In the second task, we will write a function that will check if a string of parenthesis is matching. This will be a regular C/C++ function (it is not a member of any of the Stack classes). You should put the function prototype in the stack-functions.hpp file, and the implementation of this function in stack-functions.cpp. This function takes a string as its input parameter, and it returns a bool boolean result of true or false. Strings will be given to the function of the format "(()((())))", using only opening "(" and closing ")" parenthesis. Your function should be named doParenthesisMatch().

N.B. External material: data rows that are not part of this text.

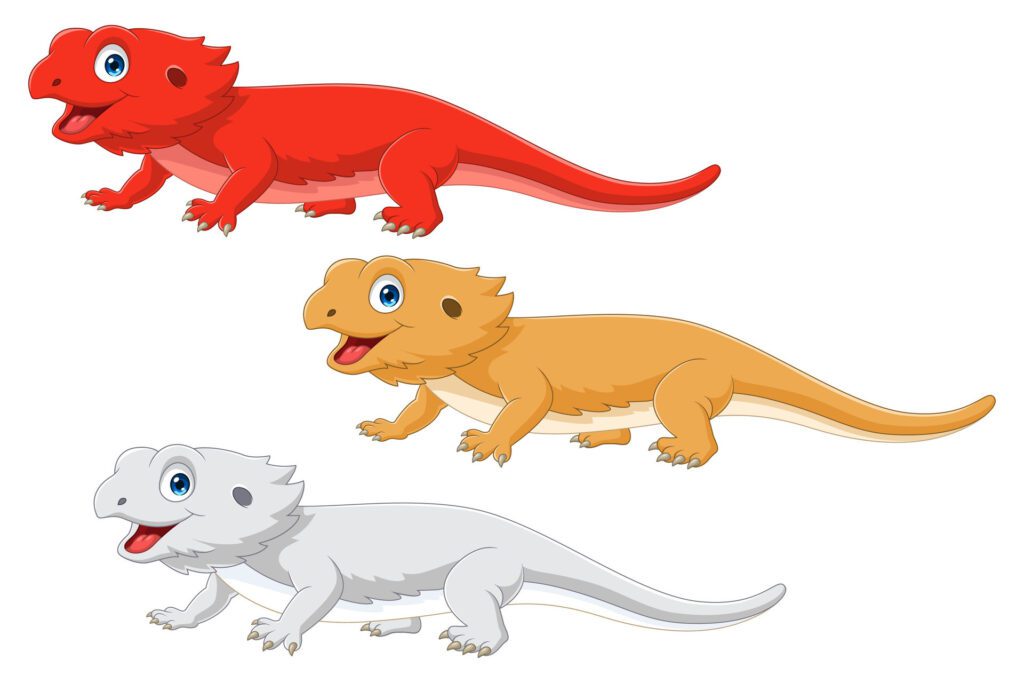 types of cartoon bearded dragon on white background Free Vector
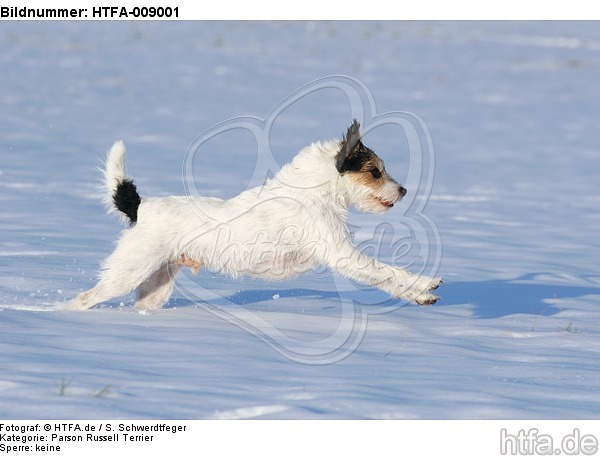 Parson Russell Terrier rennt durch den Schnee / prt running through snow / HTFA-009001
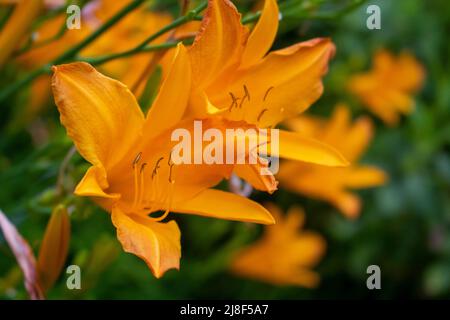 fleur d'oranger du nénuphars, lilium bulbiferum, avec un arrière-plan flou Banque D'Images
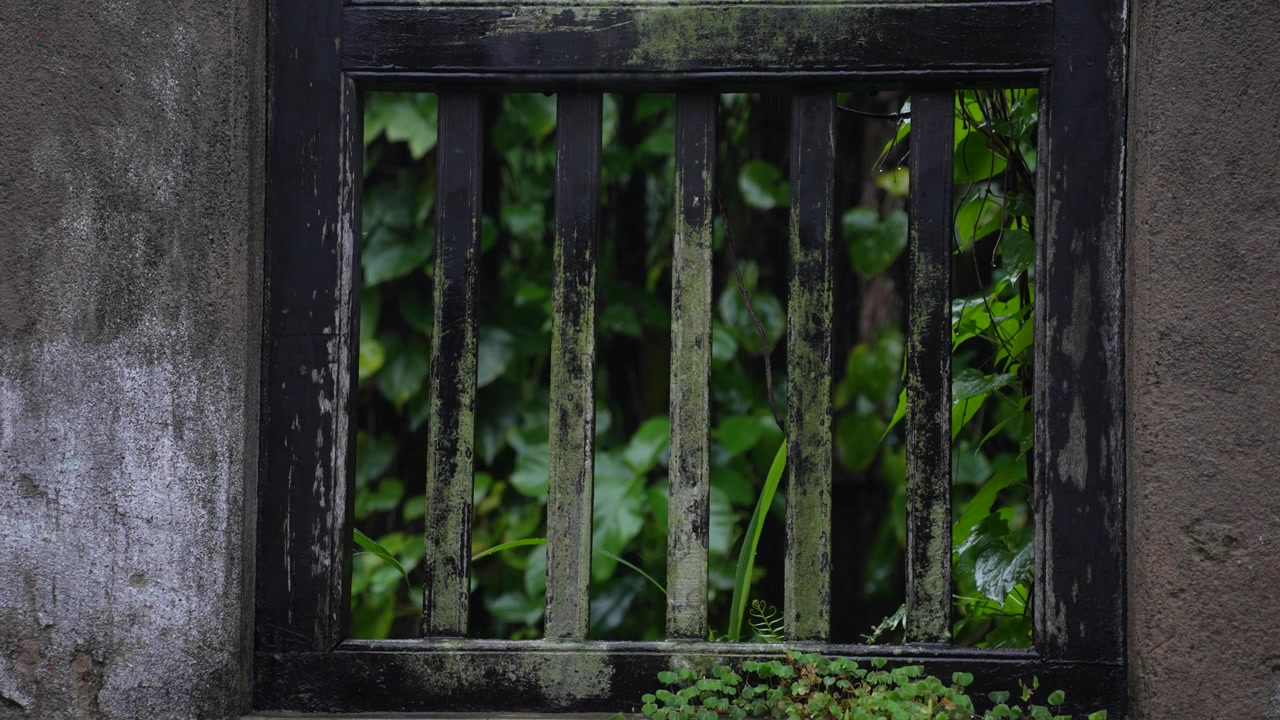 An old house and the creepers that have grown around it are getting drenched in the water.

The algorithm to check for matching parenthesis using a stack is fairly simple. A pseudo-code description might be

for each charcter c in expression
do
    if c is an open paren '('
        push it on stack

    if c is a close paren ')':
    then
        if stack is empty
            answer is false, because we can't match the current ')'

        else
            pop stack, because we just matched an open '(' with a close ')'
    endif
done

Your function will be given a C++ string class as input. It is relatively simple to parse each character of a C++ string. Here is an example for loop to do this:

s = "(())";
for (size_t index = 0; index < s.length(); index++)
{
    char c = s[index];

    // handle char c of the string expression s here
}

Once you are satisfied with your function and you are passing the tests in test-stack-functions.cpp, commit your work and push it to the Feedback pull request of your GitHub repository.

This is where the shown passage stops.